As the mainland liberalised its economy, Hong Kong's shipping industry faced intense competition from other Chinese ports. 50 per cent of China's trade goods were routed through Hong Kong in 1997, dropping to about 13 per cent by 2015.[200] The territory's minimal taxation, common law system, and civil service attract overseas corporations wishing to establish a presence in Asia.[200] The city has the second-highest number of corporate headquarters in the Asia-Pacific region.[201] Hong Kong is a gateway for foreign direct investment in China, giving investors open access to mainland Chinese markets through direct links with the Shanghai and Shenzhen stock exchanges. The territory was the first market outside mainland China for renminbi-denominated bonds, and is one of the largest hubs for offshore renminbi trading.[202]

The government has had a passive role in the economy. Colonial governments had little industrial policy, and implemented almost no trade controls. Under the doctrine of "positive non-interventionism", post-war administrations deliberately avoided the direct allocation of resources; active intervention was considered detrimental to economic growth.[203] While the economy transitioned to a service basis during the 1980s,[203] late colonial governments introduced interventionist policies. Post-handover administrations continued and expanded these programmes, including export-credit guarantees, a compulsory pension scheme, a minimum wage, anti-discrimination laws, and a state mortgage backer.[204]
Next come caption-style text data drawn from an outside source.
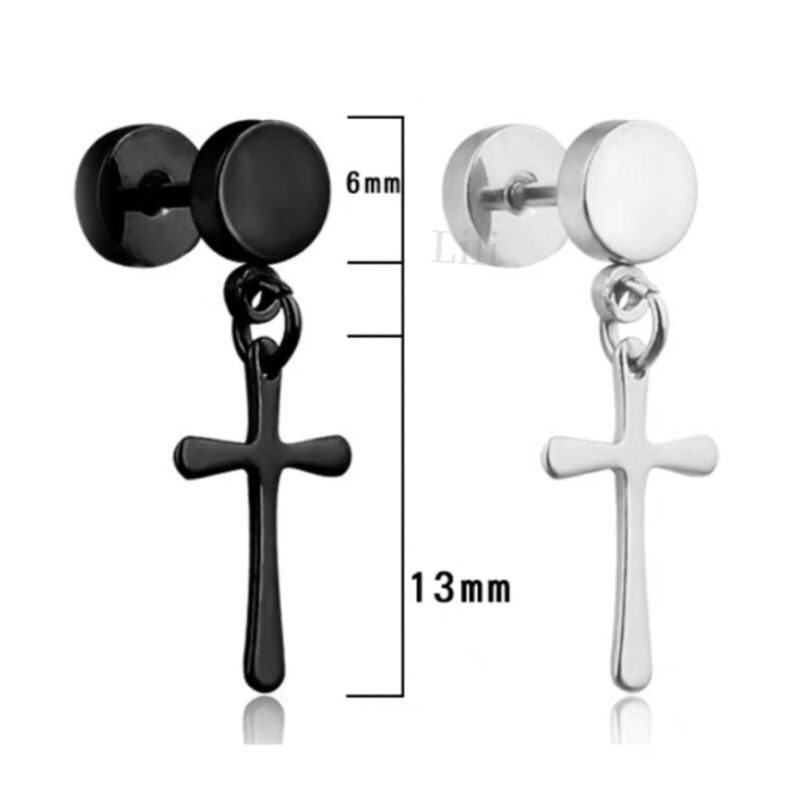 Brinco Alargador falso com Cruz  Prata  Preto 8mm para orelha furada Masculinos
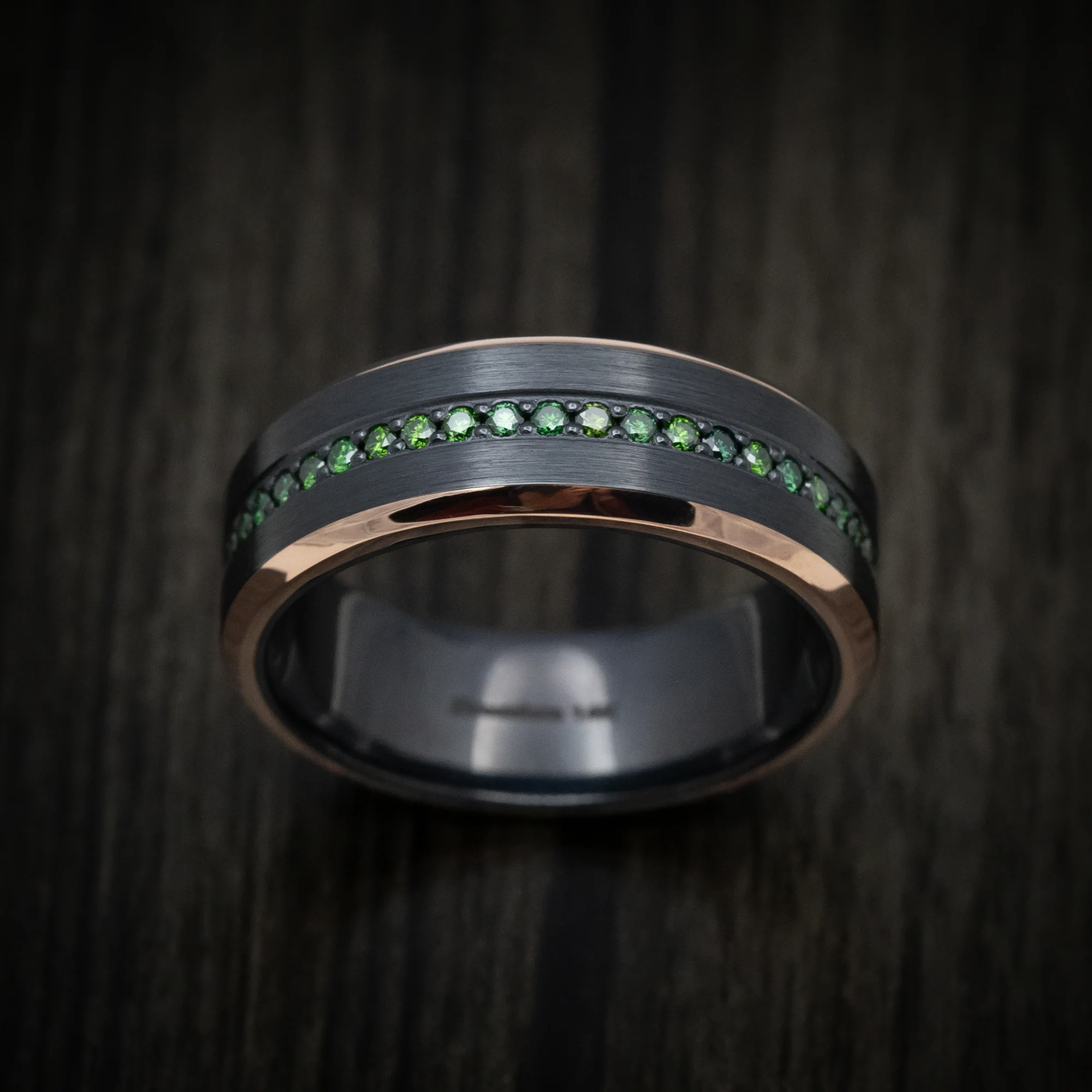 Black Titanium or Black Zirconium Men's Ring with Half Eternity Green Diamonds and 14K Gold Edges - Image 2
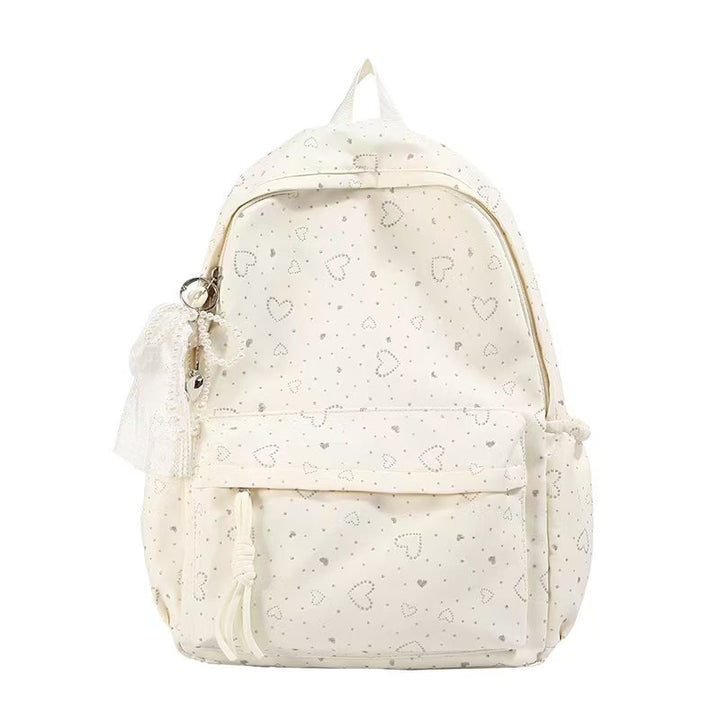 Backpack with Playful Heart Design and Practical Compartments Kalsten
Tourism is a major part of the economy, accounting for five per cent of GDP.[158] In 2016, 26.6 million visitors contributed HK$258 billion (US$32.9 billion) to the territory, making Hong Kong the 14th-most popular destination for international tourists. It is the most popular city for tourists, receiving over 70 per cent more visitors than its closest competitor (Macau).[205] The city is ranked as one of the most expensive cities for expatriates.[206][207]

Infrastructure

Transport

Hong Kong has a highly developed, sophisticated transport network. Over 90 per cent of daily trips are made on public transport, the highest percentage in the world.[31] The Octopus card, a contactless smart payment card, is widely accepted on railways, buses and ferries, and can be used for payment in most retail stores.[208]

The Mass Transit Railway (MTR) is an extensive passenger rail network, connecting 93 metro stations throughout the territory.[209] With a daily ridership of over five million, the system serves 41 per cent of all public transit passengers in the city[210] and has an on-time rate of 99.9 per cent.[211] Cross-boundary train service to Shenzhen is offered by the East Rail line, and longer-distance inter-city trains to Guangzhou, Shanghai, and Beijing are operated from Hung Hom Station.[212] Connecting service to the national high-speed rail system is provided at Hong Kong West Kowloon railway station.[213]

Although public transport systems handle most passenger traffic, there are over 500,000 private vehicles registered in Hong Kong.[214] Automobiles drive on the left (unlike in mainland China), due to historical influence of the British Empire.[215] Vehicle traffic is extremely congested in urban areas, exacerbated by limited space to expand roads and an increasing number of vehicles.[216] More than 18,000 taxicabs, easily identifiable by their bright colour, are licensed to carry riders in the territory.[217] Bus services operate more than 700 routes across the territory,[210] with smaller public light buses (also known as minibuses) serving areas standard buses do not reach as frequently or directly.[218] Highways, organised with the Hong Kong Strategic Route and Exit Number System, connect all major areas of the territory.[219] The Hong Kong–Zhuhai–Macau Bridge provides a direct route to the western side of the Pearl River estuary.[195]

HK Tung Chung Line Train
MTR train on the Tung Chung line

Hong Kong International Airport is the territory's primary airport. Over 100 airlines operate flights from the airport, including locally based Cathay Pacific (flag carrier), Hong Kong Airlines, regional carrier Cathay Dragon, and cargo airline Air Hong Kong.[220] It is the eighth-busiest airport by passenger traffic,[221] and handles the most air-cargo traffic in the world.[222] Most private recreational aviation traffic flies through Shek Kong Airfield, under the supervision of the Hong Kong Aviation Club.[223]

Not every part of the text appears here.